The role digital media play in education – and especially in faith-based education — is something Dr. Mary Hess has dedicated a significant portion of her academic career to studying.
“Media are an environment in which we make meaning, “says Dr. Hess, who is the Patrick and Barbara Keenan Visiting Chair in Religious Education at the Faculty of Theology. Therefore, she stresses, media can play a vital role as we ask what it means to seek and to share faith in a secular world.
Incorporating digital media into the classroom encourages teachers to meet students where they are, calling upon what is often one of their preferred methods of learning. And because young people are often more up to date on the latest media than adults are, the resulting classroom dynamic is mutually beneficial, with both teacher and students transformed in the process as they work together.
In the coming winter semester, Dr. Hess will offer a class entitled “Education, Media and Evangelization,” exploring the impact of the intersection of these three components. The course, which runs Mondays from 5-7 p.m, beginning on January 9, will look at the conceptual and communicative dynamics of multiple and changing contexts, and will include exercises in using specific digital media for engaging those contexts effectively.
“This is a class for anybody who finds themselves in a role of leading learning and who cares about the Christian faith,” she says.
Because Dr. Hess is a visiting scholar who will only be with the Faculty for this academic year, auditors are strongly encouraged to register and take advantage of this opportunity. The Faculty is also willing to offer this class as a stand-alone course, with the option to enroll in a degree program at a later date.
Along with the winter semester course, Dr. Hess is also offering a free two-part workshop called Digital Storytelling as Faith Formation, ideal for teachers, catechists, parents and anyone who wants to find ways to express their faith lives and are interested in preparing for the Lenten season.
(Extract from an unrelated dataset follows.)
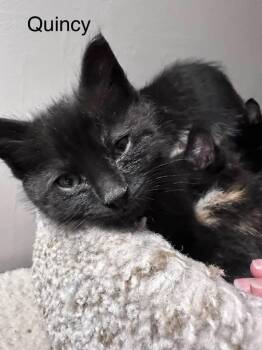 Domestic Short Hair Cats Available for Adoption in Libertyville, Illinois - Quincy | PetCurious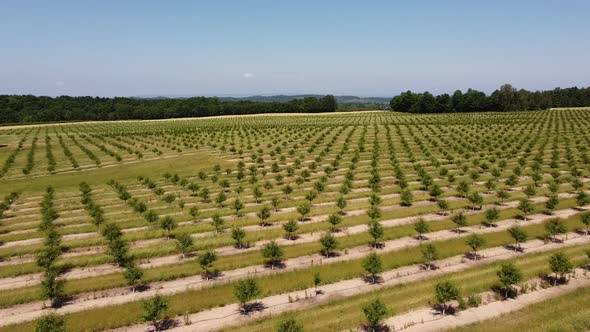 Young Cherry Trees Growing In The Cherry Orchard In Leelanau Peninsula, Traverse City, Michigan - dr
“Stories matter as a way of understanding ourselves,” she says, adding that digital media allow us to share our stories, helping to engage with community and deepen our faith in the process.
“Media allow us to express human experience,” she says, “And if we believe we are created in God’s image we should be encouraged to share our experiences. What draws us into movies and music can be experientially transcendent, allowing us to see God in all things.”
The workshop sessions take place January 24, 2017 and February 7, 2017 in Charbonnel Lounge, and build upon each other. Each session runs from 5-7 p.m. Participants are asked to bring three pictures. One should call to mind a moment of forgiveness; one should be an image which expresses vulnerability, and one should be a picture which evokes joy. (Digital photos are preferred, on a phone, tablet or laptop.) To register, please click here.
Dr. Hess is also offering a free public lecture on March 28, 2017 at 7 p.m. in Fr. Madden Hall. The lecture title is Create, Share, Believe: Storying Faith in a Post-Church World.